EXTRACTED RECORDS:
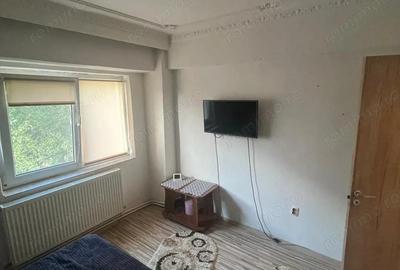 Apartament 3 camere - 4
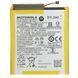 Аккумулятор JS40 для Motorola XT1929-15, XT1929-17 Moto Z3, XT1929-1 Moto Z3 Play 2800 mAh 21100 фото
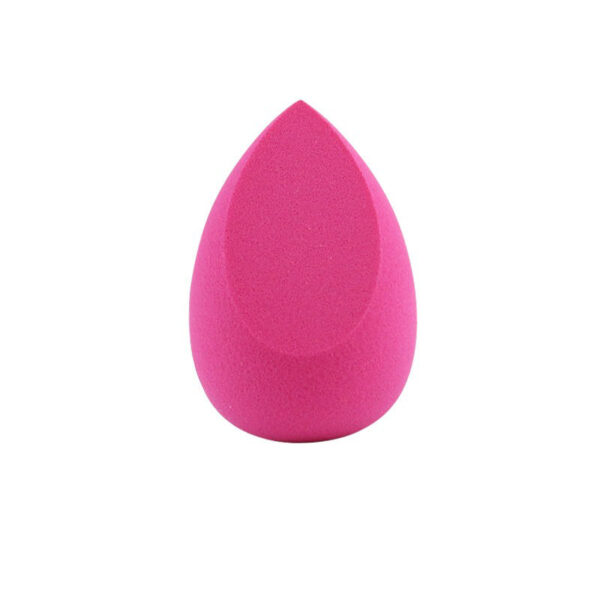 latex free makeup sponge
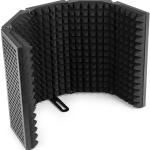 Painel Isolamento de Ruído MRF30 p/ Microfones - VONYX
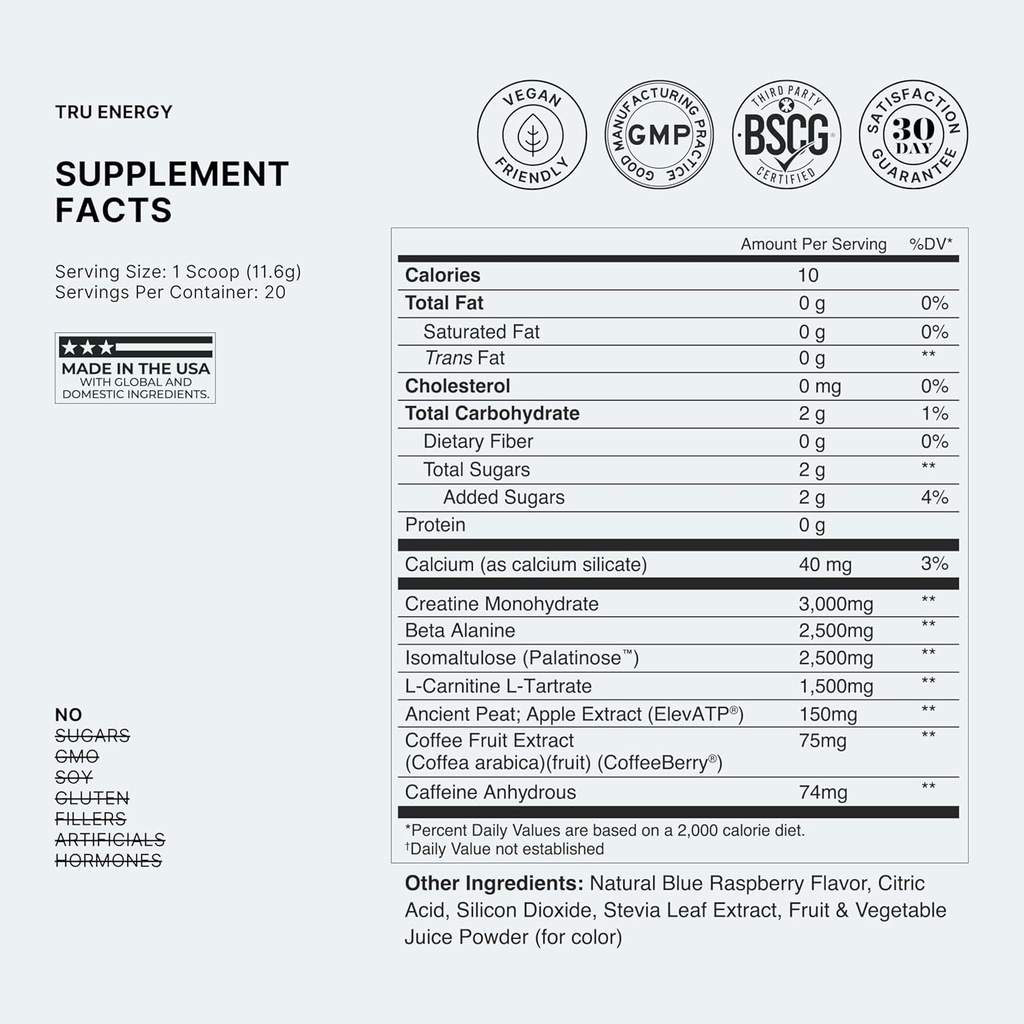 tru-supplements-supplements-energy-pre-w-2.jpg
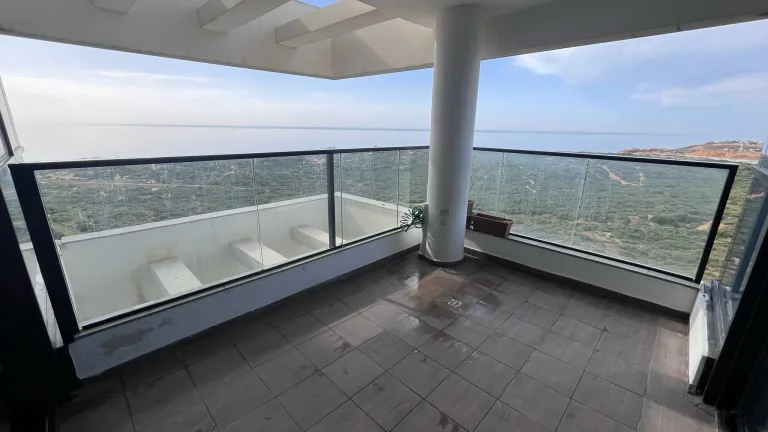 WhatsApp Image 2025 04 28 at 05.53.32 e0c118e1 768x432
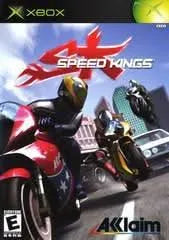 jeux video game-x,jeuxvideogamex.com,CA,Quebec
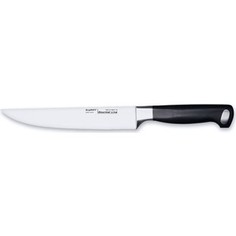 Нож универсальный 18 см BergHOFF Gourmet (1399751)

PROBLEM STATEMENT:
The answer must be an exact copy of the lines from the one that holds "tru-supplements-supplements-energy-pre-w-2.jpg" through the end of the data, both included, with no pictures.

PROBLEM SOLUTION:
 tru-supplements-supplements-energy-pre-w-2.jpg
 WhatsApp Image 2025 04 28 at 05.53.32 e0c118e1 768x432
 jeux video game-x,jeuxvideogamex.com,CA,Quebec
 Нож универсальный 18 см BergHOFF Gourmet (1399751)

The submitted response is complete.